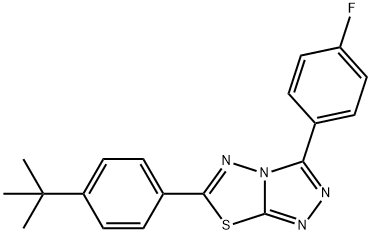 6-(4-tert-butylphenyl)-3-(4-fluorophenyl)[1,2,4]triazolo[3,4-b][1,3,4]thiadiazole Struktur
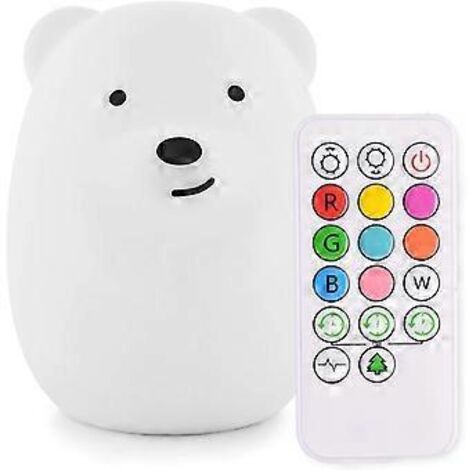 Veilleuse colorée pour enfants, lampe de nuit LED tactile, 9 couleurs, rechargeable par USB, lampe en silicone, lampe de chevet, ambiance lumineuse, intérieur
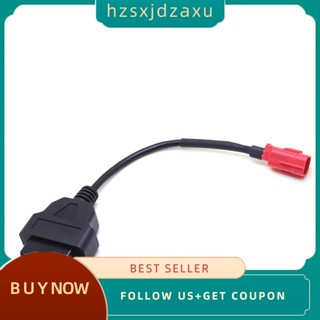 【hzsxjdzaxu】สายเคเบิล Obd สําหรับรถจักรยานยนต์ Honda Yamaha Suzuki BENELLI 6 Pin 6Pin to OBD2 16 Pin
...
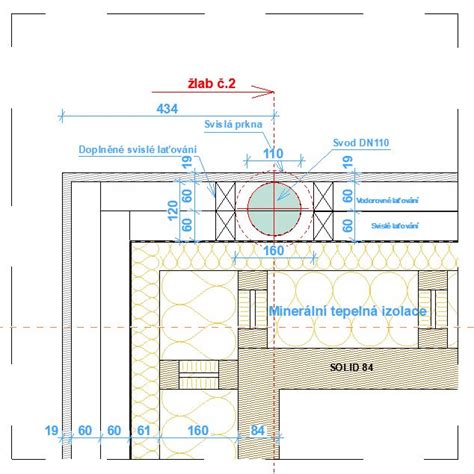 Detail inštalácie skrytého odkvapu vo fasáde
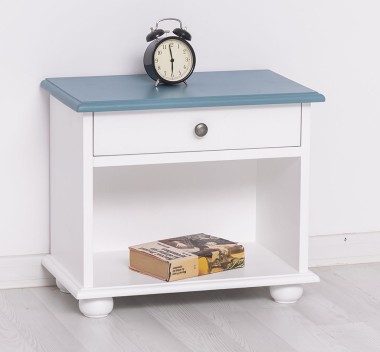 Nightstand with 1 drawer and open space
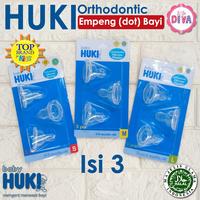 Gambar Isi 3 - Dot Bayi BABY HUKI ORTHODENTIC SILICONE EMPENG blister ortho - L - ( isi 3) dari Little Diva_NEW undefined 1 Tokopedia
* * *
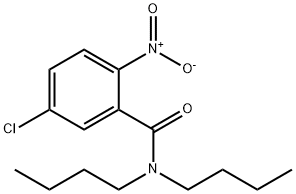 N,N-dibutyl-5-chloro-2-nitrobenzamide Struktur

## Aim of the task
Set the pictures aside and transcribe exactly the stretch of lines above, beginning with the one holding "Nightstand with 1 drawer and open space" and ending with the one holding "Gambar Isi 3".

## Your response
 Nightstand with 1 drawer and open space
 Gambar Isi 3 - Dot Bayi BABY HUKI ORTHODENTIC SILICONE EMPENG blister ortho - L - ( isi 3) dari Little Diva_NEW undefined 1 Tokopedia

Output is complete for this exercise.